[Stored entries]
*** Begin section ***

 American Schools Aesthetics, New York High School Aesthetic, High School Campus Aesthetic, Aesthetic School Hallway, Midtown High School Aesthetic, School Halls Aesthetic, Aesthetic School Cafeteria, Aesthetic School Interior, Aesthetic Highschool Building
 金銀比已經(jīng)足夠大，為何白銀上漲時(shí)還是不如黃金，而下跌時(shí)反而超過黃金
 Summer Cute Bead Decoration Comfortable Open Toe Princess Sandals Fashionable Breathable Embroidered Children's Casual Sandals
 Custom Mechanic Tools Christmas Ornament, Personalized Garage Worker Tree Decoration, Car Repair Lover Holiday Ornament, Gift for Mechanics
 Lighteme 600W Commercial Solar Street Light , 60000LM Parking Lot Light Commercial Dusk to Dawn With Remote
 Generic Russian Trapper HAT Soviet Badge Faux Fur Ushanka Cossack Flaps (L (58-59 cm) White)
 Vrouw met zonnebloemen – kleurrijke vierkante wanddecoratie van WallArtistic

*** End section ***
*** Begin section ***

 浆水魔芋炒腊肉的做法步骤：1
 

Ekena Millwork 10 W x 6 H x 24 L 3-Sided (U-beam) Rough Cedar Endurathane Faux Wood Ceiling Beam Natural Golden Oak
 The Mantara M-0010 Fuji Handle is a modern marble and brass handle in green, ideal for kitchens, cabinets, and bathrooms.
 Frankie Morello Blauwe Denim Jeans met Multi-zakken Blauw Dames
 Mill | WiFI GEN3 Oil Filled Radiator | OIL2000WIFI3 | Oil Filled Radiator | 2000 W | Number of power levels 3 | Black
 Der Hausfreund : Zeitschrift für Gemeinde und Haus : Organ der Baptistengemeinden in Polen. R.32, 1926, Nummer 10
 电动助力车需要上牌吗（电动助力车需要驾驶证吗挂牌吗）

*** End section ***
*** Begin section ***

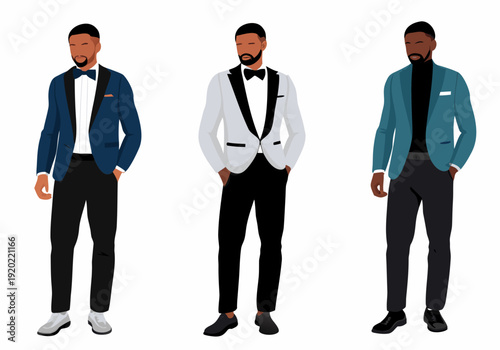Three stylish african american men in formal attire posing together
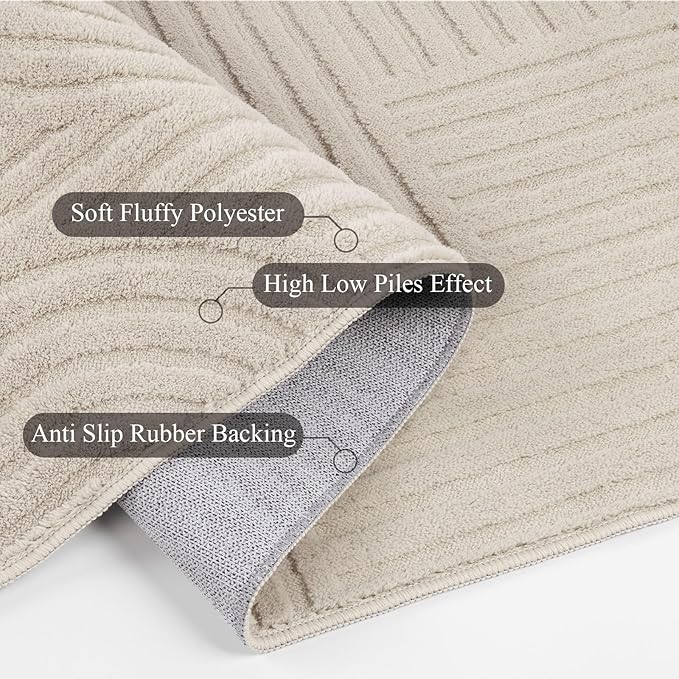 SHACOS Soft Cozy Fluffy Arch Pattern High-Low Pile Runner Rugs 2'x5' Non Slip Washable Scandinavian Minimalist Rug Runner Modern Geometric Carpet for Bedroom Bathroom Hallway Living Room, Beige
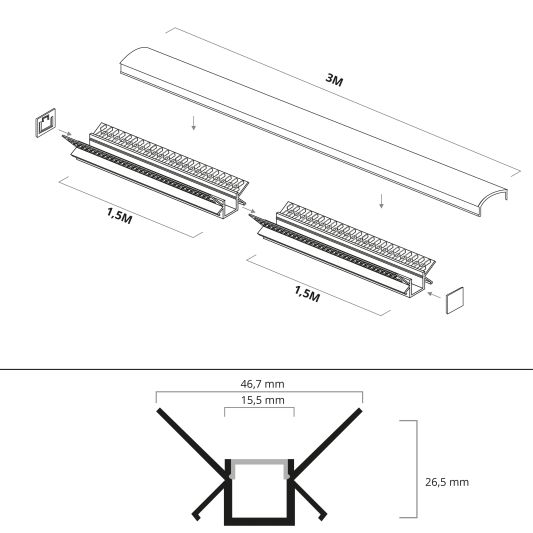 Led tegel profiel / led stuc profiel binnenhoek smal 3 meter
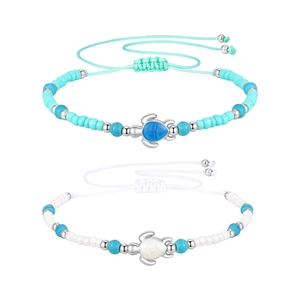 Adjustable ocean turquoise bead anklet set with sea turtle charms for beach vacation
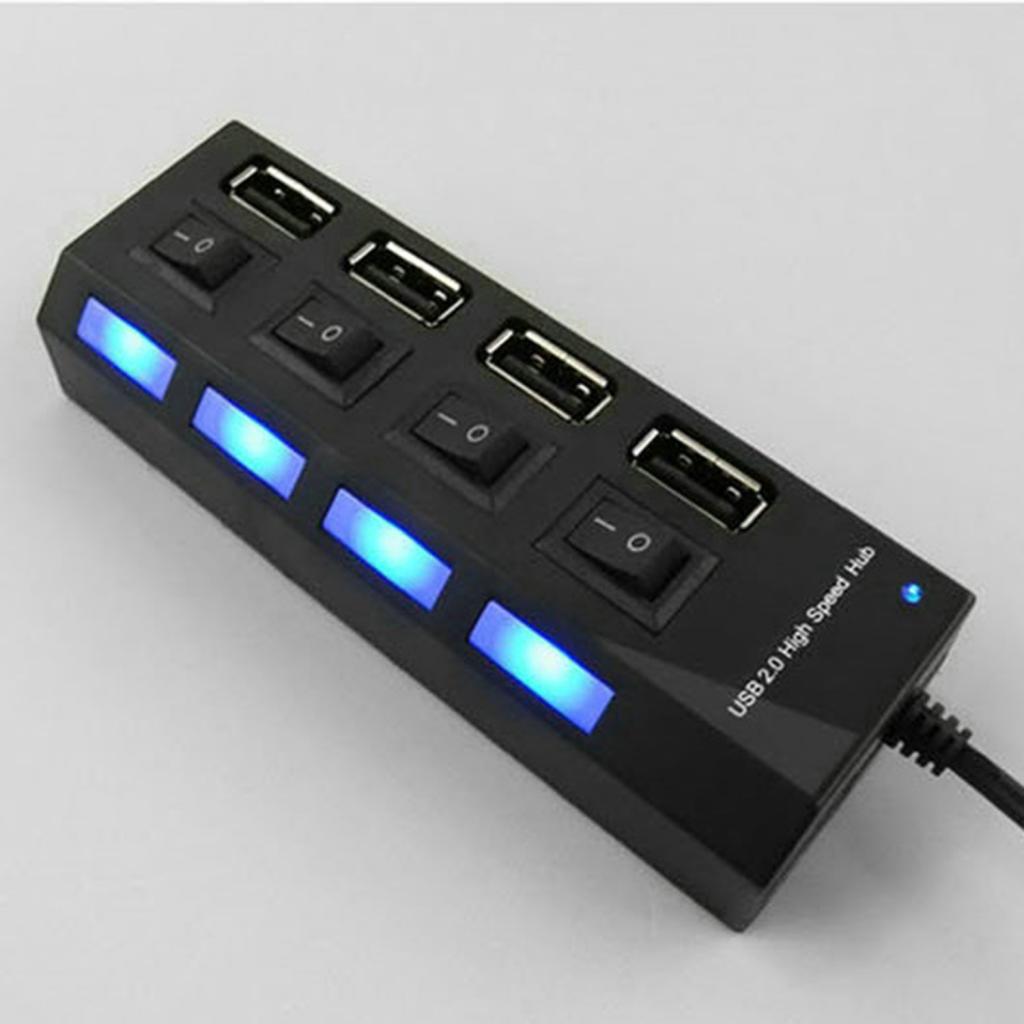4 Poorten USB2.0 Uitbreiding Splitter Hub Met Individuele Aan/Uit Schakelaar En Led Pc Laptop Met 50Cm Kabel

*** End section ***

EXERCISE OBJECTIVE: A clean copy is needed of the lines above from the one with "Led tegel profiel" up to and including the one with "4 Poorten USB2.0". Please set it down exactly, with no pictures.

TASK RESPONSE:
 Led tegel profiel / led stuc profiel binnenhoek smal 3 meter
 Adjustable ocean turquoise bead anklet set with sea turtle charms for beach vacation
4 Poorten USB2.0 Uitbreiding Splitter Hub Met Individuele Aan/Uit Schakelaar En Led Pc Laptop Met 50Cm Kabel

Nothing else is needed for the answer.